A few other posters proved this by using binary. I don't know anything about that. This discouraged me, as I submitted a simple proof by contradiction using just basic algebra. Can anyone tell me if my proof actually works?
Homework Equations
The Attempt at a Solution
Assume by way of contradiction that there exist integers a, b, such that gcd(a,b) = 1 and (a/b) = sqrt(2^n - 1).
Then
[itex]\frac{a^{2}}{b^{2}} = 2^{n} - 1[/itex]

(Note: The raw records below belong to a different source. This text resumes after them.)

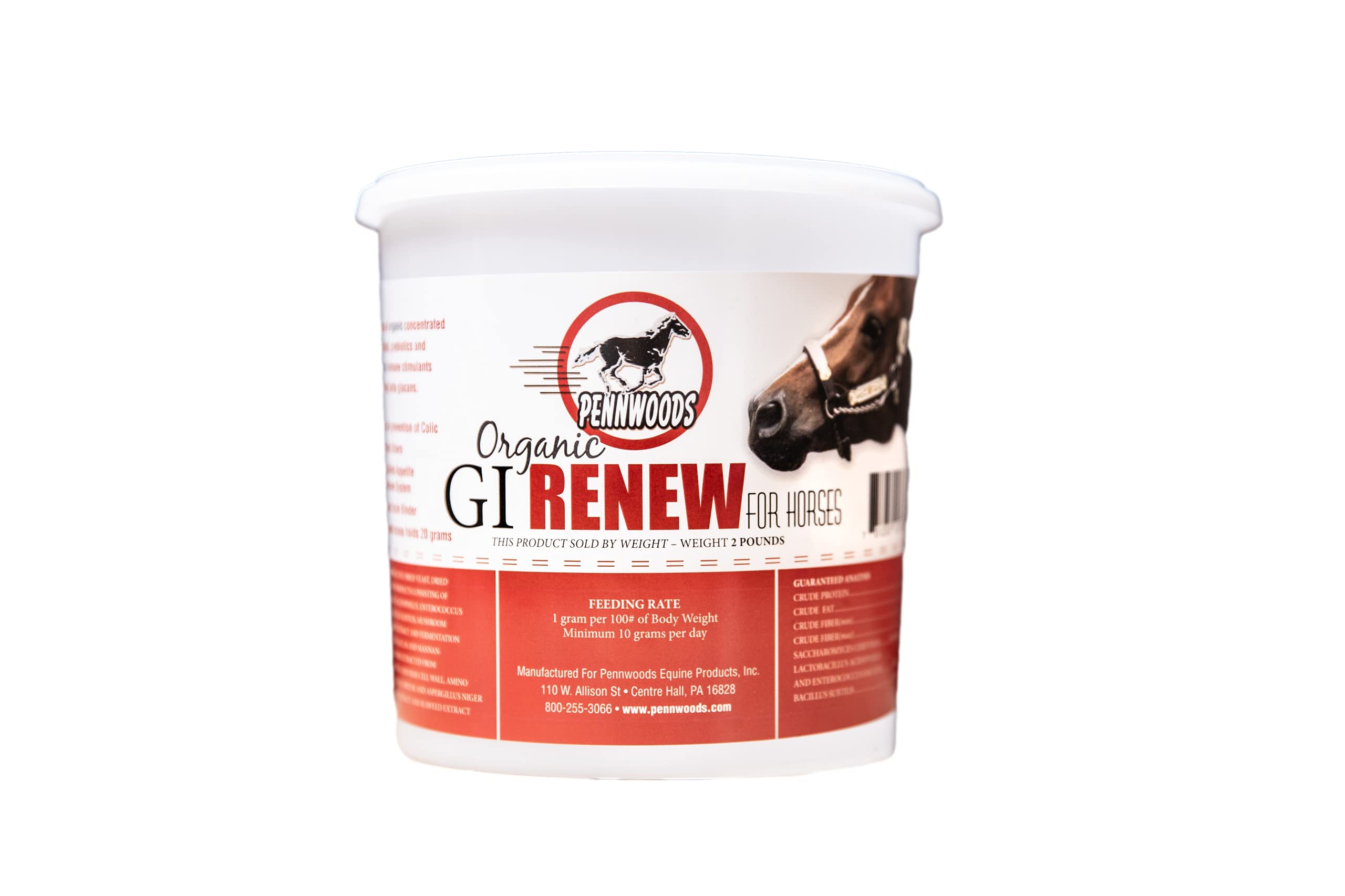 Pennwoods Equine Products GI Renew - 2 LBS | Digestión | Estimulante inmune | Suplemento de caballo | Estimulante del apetito | Probiótico | Prebiótico | Enzimas digestivas | Beta Glucans |
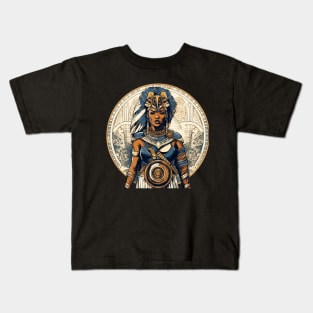 African Queen, Afro Female Warrior, Black History Kids T-Shirt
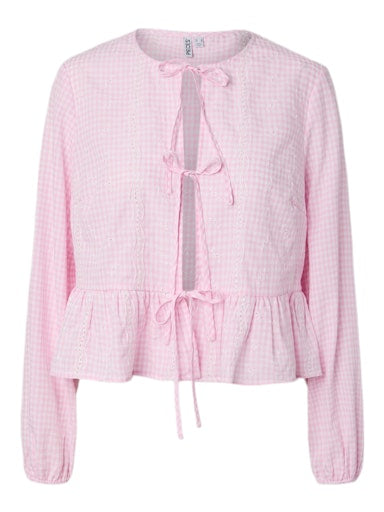 PIECES PCMARIE Top Manches Longues Col Lien Femme Coconut Milk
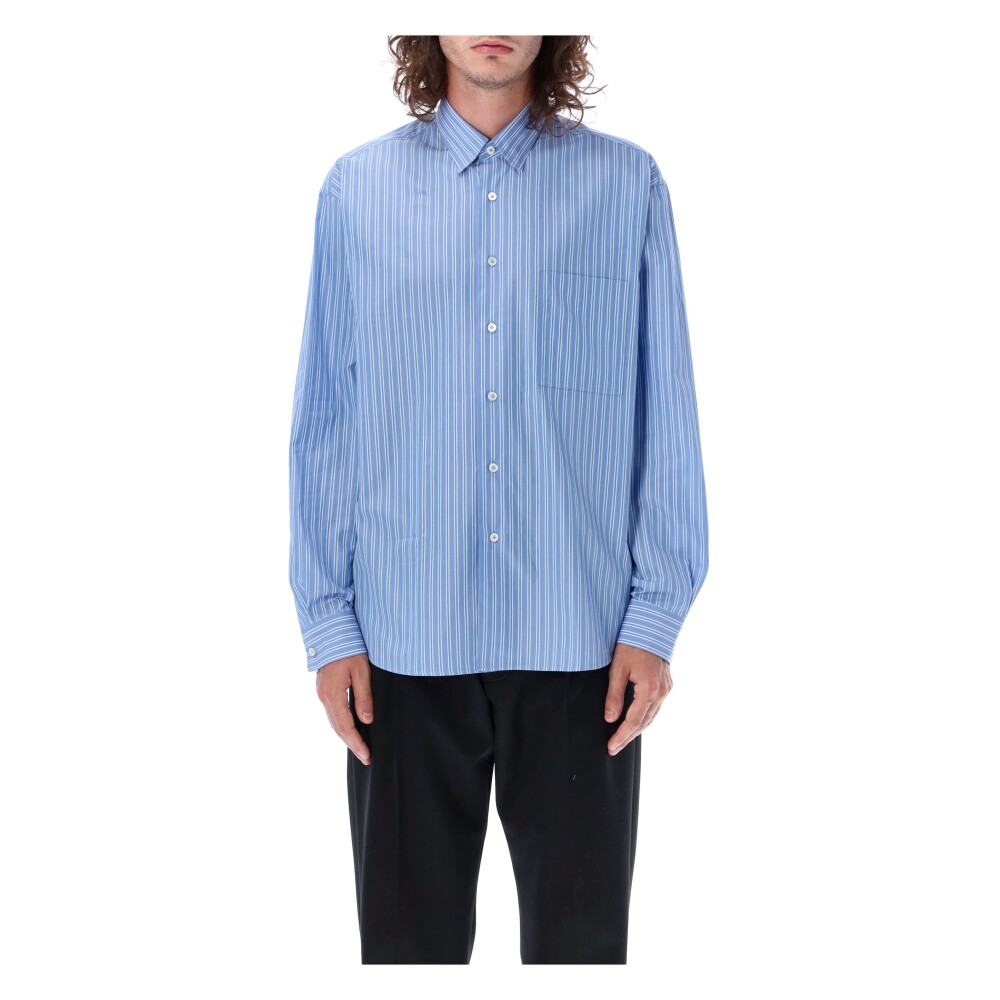 Camisa blanca con discount rayas azules hombre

[itex]\frac{a^{2}}{b^{2}} + 1 = 2^{n}[/itex]
Since 2^n is even, a^2/b^2 is odd.
Since the quotient a^2/b^2 is odd, either both a^2 and b^2 are even or both a^2 and b^2 are odd.
Case #1; a^2 and b^2 are both even.
Then, a is even and b is even.
Contradiction, gcd(a,b) = 1.
Case #2; a^2 and b^2 are both odd.
Then, a is odd and b is odd.
Let a = 2x + 1 and b = 2y + 1
[itex]\frac{a^{2}}{b^{2}} + 1 = 2^{n}[/itex]
[itex]a^{2} + b^{2} = 2^{n}b^{2}[/itex]
[itex](2x + 1)^{2} + (2y + 1)^{2} = 2^{n}b^{2}[/itex]
[itex]4x^{2} + 4x + 4y^{2} + 4y + 2 = 2^{n}b^{2}[/itex]
[itex]2(2x^{2} + 2x + 2y^{2} + 2y + 1) = 2^{n}b^{2}[/itex]
[itex]2x^{2} + 2x + 2y^{2} + 2y + 1 = 2^{n-1}b^{2}[/itex]
[itex]2(x^{2} + x + y^{2} + y) + 1 = 2^{n-1}b^{2}[/itex]
Contradiction; 2^(n-1) is even since n > 1, and b^2 is odd. Therefore since an odd times an even is always even, the RHS is even. The LHS is odd by definition.
The shows that a contradiction occurs in all cases, so there is no such a, b.